Las salas cubanas de hoy gozan de buena salud desde el punto de vista funcional, sobre todo las habaneras que no paran de ofrecer obras, pero existe un desbalance entre el número de grupos de teatro (150) y la baja cantidad de estrenos por año. Esto apunta hacia el punto flaco: poca creación, muchas piezas repuestas. La escritura de obras debía estar a la cabeza del debate, sin embargo se priorizan otras áreas de experimentación. También existe un escaso ejercicio crítico hacia el teatro, lo cual impacta en las dinámicas productivas y genera vacíos en creadores e intérpretes.
Una de las anécdotas que guardo acerca de un verdadero festival se remonta a las horas de conversación con mi amigo el dramaturgo Fidel Galbán, quien relataba la manera en que él y otros directores de grupos debatían en tono fraterno durante los encuentros en la provincia de Camagüey. De ahí no solo se esperaba un premio, sino que todos saliesen con mejores ideas para la creación, ya que había ocurrido la catarsis. Y es que se debe apostar por un arte que rete al demiurgo y le haga elevarse por encima de las circunstancias, hacia esferas no de varieté sino cuestionamientos.
La presencia del público, el ojo crítico que debe aparecer en cada uno de los escenarios, las publicaciones que existen para la reseña y la disección; todo ello conforma el tablado de un festival que se respete. No se hace para cumplir con un plan ministerial, sino para que la siguiente fase sea superior, y se superen los puntos débiles en el campo creativo. En tal sentido, deviene de mucha utilidad la presencia constante en medios nacionales de la columna del estudioso del teatro Omar Valiño, quien viene a sostener una tradición crítica de larga data y que nos enfoca con luz cenital aquellos aspectos relevantes.
Estos hombres de teatro quisieran que el arte ocupase un lugar más cimero y amplio en los medios de gran alcance, así como que las revistas especializadas lleguen al público más general.

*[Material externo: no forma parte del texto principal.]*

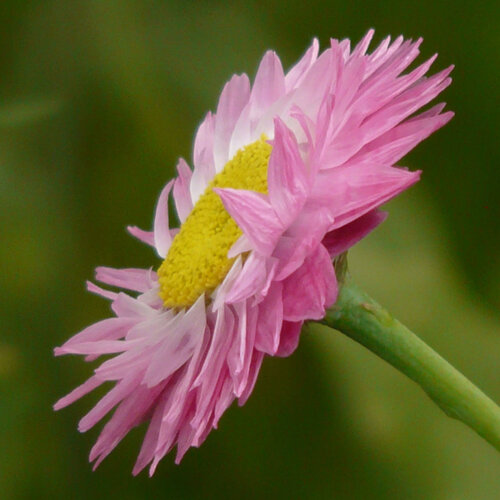 Rose everlasting (Helipterum roseum) with a pink flower and yellow centre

Pero sucede que uno de los defectos que sufre la creación de altura en estos momentos es que se vuelve gremial y en no pocos espacios son los mismos teatristas los que consumen teatro, encerrándose el círculo en dinámicas reproductivas que no dan paso a la catarsis social, tan fecunda en la Grecia de los festivales.

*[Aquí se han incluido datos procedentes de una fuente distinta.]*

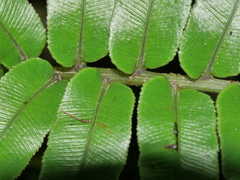 Blechnum triangularifolium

Más que reposiciones, se hace necesario un ejercicio de decantación así como de vínculo con el público, y ello apunta hacia la crítica de teatro. He leído en los portales especializados algunas reseñas que ni siquiera cumplen con los cánones mínimos del periodismo y por tanto no alcanzan los puntajes del análisis y la disección. Los teatristas, más que en catarsis, terminan ofendidos por criterios sin sostén o que no se clarifican a partir de la precisión del escriba. Abundan frases como “las luces no fueron oportunas”, cuando se sabe que una lapidación así deberá acompañarse de un nivel de exactitud (en qué escena, en cuál momento, para qué intención).
No se hacen una crítica ni un festival para que el público se incomunique con el arte, sino que el ejercicio deviene en vehículo. La élite no se desmarca del consumo, pues moriría. Pienso que lo que mantiene vivo al teatro cubano resulta precisamente de los temas tratados por directores como Carlos Díaz, quien desde un tono inteligente le hace guiños constantes a los espectadores. Ellos no se separan de las inquietudes cotidianas, sino que beben allí, para transformar esos códigos en un arte que proponga saneamientos y lógicas discursivas de alto vuelo.
Es ese público quien sigue siendo un reto para los teatristas y no viceversa, como ocurría en una Grecia donde el premio resonaba en las gradas del anfiteatro, o se disolvía en el silencio de la derrota.